We’ve made a list of some of the more bizarre Easter traditions that take place across Europe.

Corfu: Pottery smashing

You’d be wise to watch your head if you happen to find yourself wandering through the streets of Corfu on any given Easter Saturday. At the stroke of 11am, the residents begin enthusiastically lobbing all sorts of pottery out of their windows in another example of the ancient Grecian high art of smashing.

The noisy custom apparently derives from Venetian tradition when, on New Year’s Day, they threw their old possessions from the window in the hope of receiving new ones. An act that would surely be commended by Apple bosses today.

A tip for when throwing out a pot is to fill it with water, much more noise apparently.

Norway: Reading a crime novel

It might sound like the title of slightly lazy satirical article but it’s true. In 1923 two Norwegians called Nordahl Grieg and Nils Lie wanted to get some publicity for their crime novel titled, fairly literally, ‘The Bergen Train was robbed at night’.

They paid the national newspaper Aftenposten to print the title on its front page on Easter Sunday as if it was a real news story and this cemented it as seasonal classic. From then on the tradition of Påskekrim took hold in which Norwegians settle down a piece of crime fiction to see them through the last dregs of their long winter.

We're perhaps slightly more used to a cheeky Easter egg

Germany: Dancing is banned

The German tradition of Tanzverbot does not differentiate between waltzing or twerking. All forms of boogey are forbidden in 13 out 16 German states of Good Friday. The ban dates back to the puritanical Lutherans who weren’t particularly known for their love of good times. Trendy clubbers in Berlin are not thought to be affected.

Czech Republic : Whipping women with willow branches

Spare a thought for the poor women of the Czech Republic tomorrow.

In what is perhaps the most bizarre of all the Easter traditions, men ceremonially whip women with a stick of willow branch. This is apparently to ensure fertility and vitality as the willow is the first tree to wake in spring. How kind.

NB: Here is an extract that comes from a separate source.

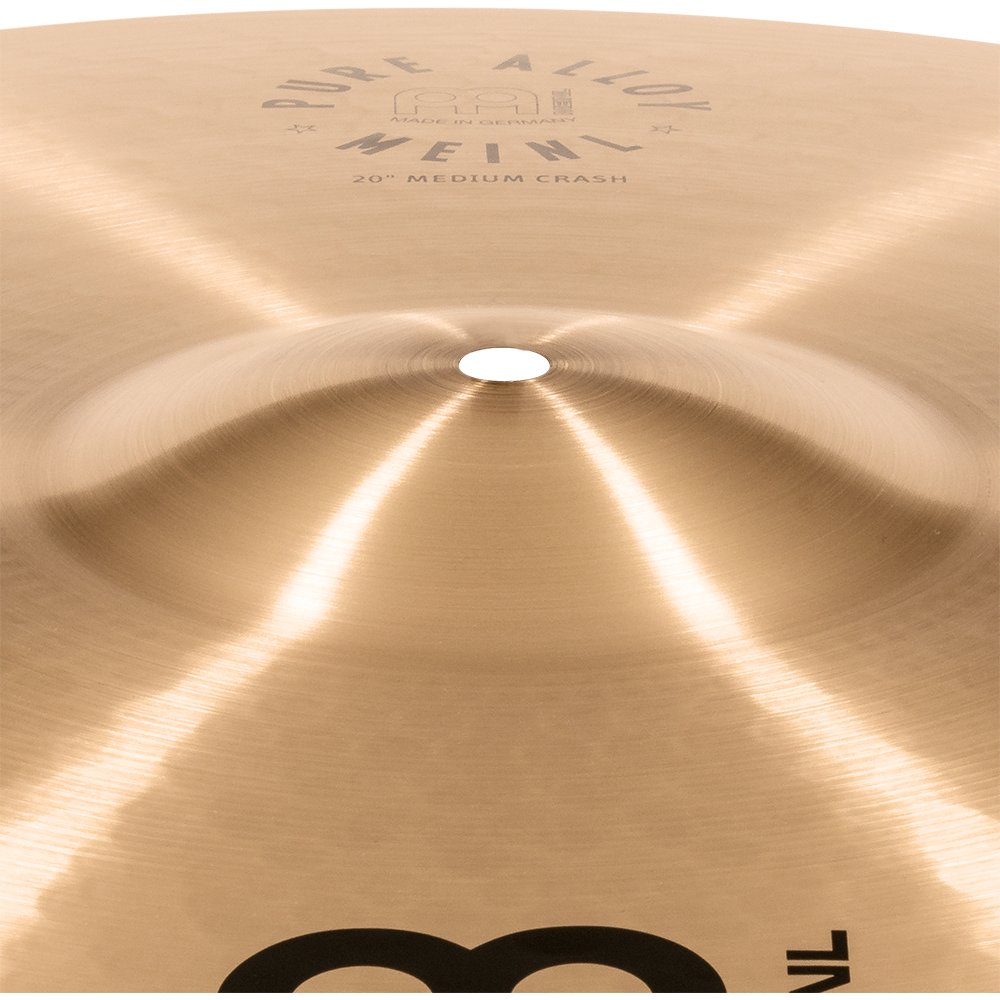 Meinl 20" Pure Alloy Medium Crash Cymbal - Image 3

Apparently it’s more symbolic now and the whipping is more of a “light brushing” but still, we’d rather stick to rolling eggs down a hill.

Finland: Watching grass grow

Maybe not quite as exciting a number of other Easter rituals, Finland’s offering is a wonderfully quaint ode to spring. The use of quaint there certainly not to be confused with actually just a bit boring.

Children plant grass in small portable beds inside the house and literally sit and watch it grow. The excitement really ramps up to new levels when the shoots break through though as the children place eggs among the stems.

Hungary: Throwing buckets of cold water over women

The name ‘sprinkling’ makes this one sound rather nice but in fact Hungary’s Easter tradition, as anyone who has ever fled in fear from an older sibling brandishing a bucket of water can attest to, is a little more extreme than it sounds.

Also known more appropriately as ‘Ducking Monday,’ men chuck buckets of cold water over women to assure that they don’t “wither” like flowers. Charming.